Treinta años después, las esperanzas y expectativas de mis alumnos y de la mayoría de los expertos y pronosticadores no se han materializado. Las regiones que supuestamente tenían más posibilidades de éxito se encuentran ahora entre las peores en cuanto a resultados económicos y nivel de vida. Al evaluar el potencial económico del espacio postsoviético, no solo mis alumnos, sino también los profesores y expertos demostraron estar equivocados sobre las perspectivas de desarrollo democrático en los Estados sucesores. Francis Fukuyama, en particular, aclamó el final de la guerra fría y el colapso soviético como “el fin de la historia como tal: es decir, el punto final de la evolución ideológica de la humanidad y la universalización de la democracia liberal occidental como la forma final de gobierno humano”.
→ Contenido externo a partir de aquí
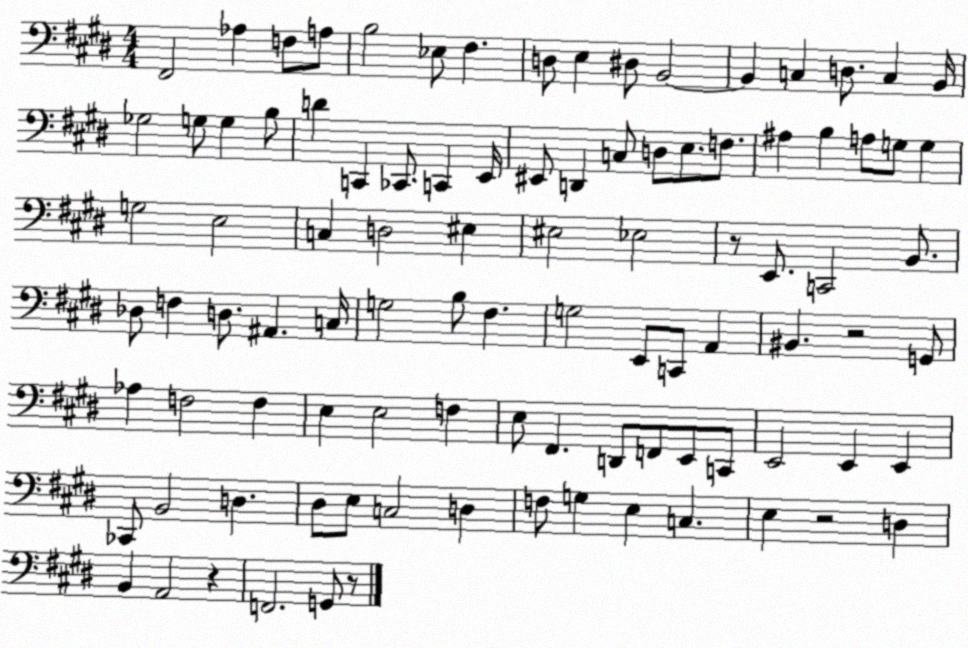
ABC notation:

X:1
T:Untitled
M:4/4
L:1/4
K:E
^F,,2 _A, F,/2 A,/2 B,2 _E,/2 ^F, D,/2 E, ^D,/2 B,,2 B,, C, D,/2 C, B,,/4 _G,2 G,/2 G, B,/2 D C,, _C,,/2 C,, E,,/4 ^E,,/2 D,, C,/2 D,/2 E,/2 F,/2 ^A, B, A,/2 G,/2 G, G,2 E,2 C, D,2 ^E, ^E,2 _E,2 z/2 E,,/2 C,,2 B,,/2 _D,/2 F, D,/2 ^A,, C,/4 G,2 B,/2 ^F, G,2 E,,/2 C,,/2 A,, ^B,, z2 G,,/2 _A, F,2 F, E, E,2 F, E,/2 ^F,, D,,/2 F,,/2 E,,/2 C,,/2 E,,2 E,, E,, _C,,/2 B,,2 D, ^D,/2 E,/2 C,2 D, F,/2 G, E, C, E, z2 D, B,, A,,2 z F,,2 G,,/2 z/2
El futuro parecía brillante, y sea cual sea la opinión que se tenga sobre el pronóstico de Fukuyama, la desintegración de la Unión Soviética se percibía como un acontecimiento discreto, que parecía haber tenido lugar milagrosamente, casi de la noche a la mañana; un punto de inflexión en algún proceso, pero no un proceso en sí mismo. “Me resulta difícil pensar en un acontecimiento más extraño y sorprendente, y a primera vista más inexplicable, que la repentina y total desintegración y desaparición de la escena internacional (…) de la gran potencia conocida sucesivamente como el Imperio Ruso y la Unión Soviética”, escribió el decano de la sovietología estadounidense, George F. Kennan, en 1995.
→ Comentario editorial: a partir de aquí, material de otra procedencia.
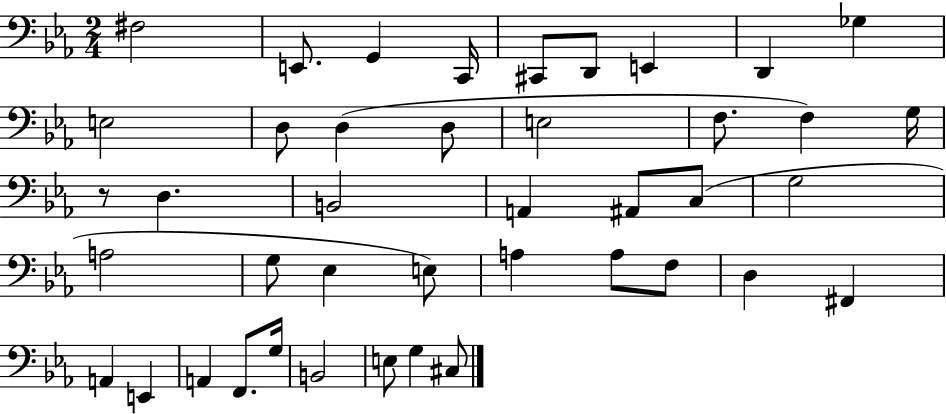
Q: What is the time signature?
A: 2/4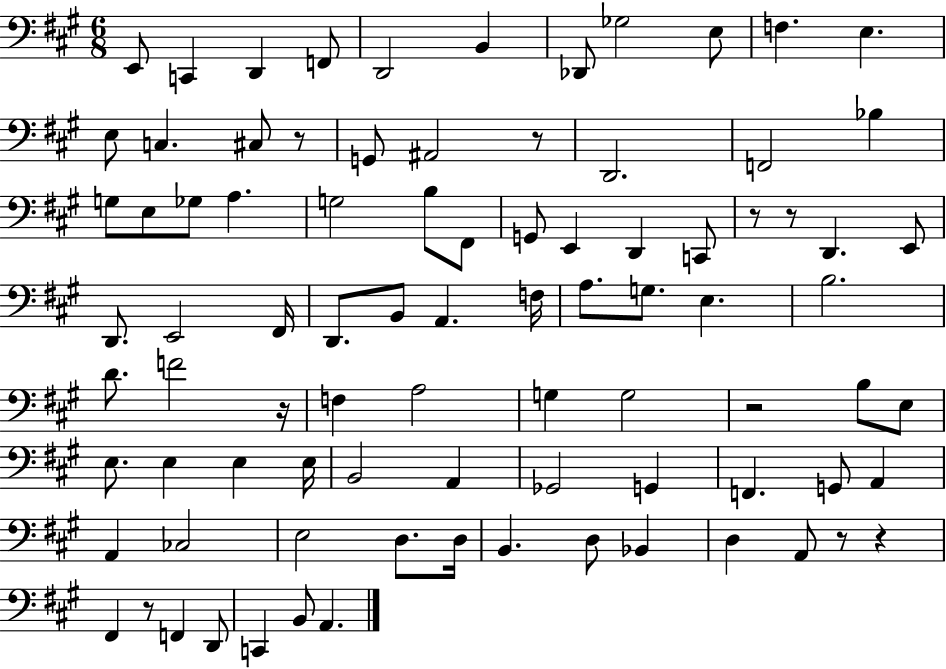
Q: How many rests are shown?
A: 9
Mirando hacia atrás, vemos que 1991 no marcó el final de la historia ni como evolución ideológica de la humanidad ni como disciplina que ha documentado la larga y dolorosa desintegración de la mayoría de los imperios del mundo. Lo que vemos hoy día en el espacio postsoviético es el proceso continuo de desintegración de la URSS, con esfuerzos para establecer esferas de influencia, disputas fronterizas y guerras abiertas. También asistimos al regreso de Rusia a la escena internacional, ya que intenta desempeñar un papel no solo regional, sino también mundial, similar al que llevaron a cabo el Imperio Ruso y la URSS.
La desintegración no ha terminado
Desaparecida la euforia de principios de la década de los noventa, podemos hacer ahora una evaluación más sobria de la desintegración de la Unión Soviética y de las razones que la motivaron. También podemos definir la dirección en la que sigue desarrollándose ese proceso y, quizá, hacer mejores predicciones sobre su futuro. Una cosa es de inmediato obvia: el espacio postsoviético se ha desintegrado en más de una docena de políticas más pequeñas, que se mueven al ritmo de sus propios tambores, a menudo en direcciones diferentes. La historia, en particular la presoviética, ha desempeñado un papel importante en la definición de la evolución postsoviética de la región.
La caída de la URSS comenzó en las adiciones más recientes a su territorio: los territorios anexionados en el transcurso de la Segunda Guerra Mundial, primero a raíz del pacto Ribbentrop-Molotov y luego reconquistadas a la Alemania nazi en 1944-45 como resultado de los acuerdos de Yalta. En la vanguardia de la movilización contra el centro soviético estaban los Estados bálticos, sobre todo Estonia y Lituania. Estonia fue la primera república soviética en declarar su soberanía, lo que significaba que sus leyes tenían prioridad sobre las de la URSS. Lituania, por su parte, fue la primera república en declararse completamente independiente. Lo hizo en marzo de 1990 en la primera sesión del Parlamento lituano libremente elegido. Incluso el Partido Comunista de Lituania abandonó la URSS, declarando su secesión del Partido Comunista de la Unión Soviética. El liderazgo pasó a los representantes de una élite alternativa de intelectuales y tecnócratas, de forma similar al proceso que se produjo en Europa del Este unos años después.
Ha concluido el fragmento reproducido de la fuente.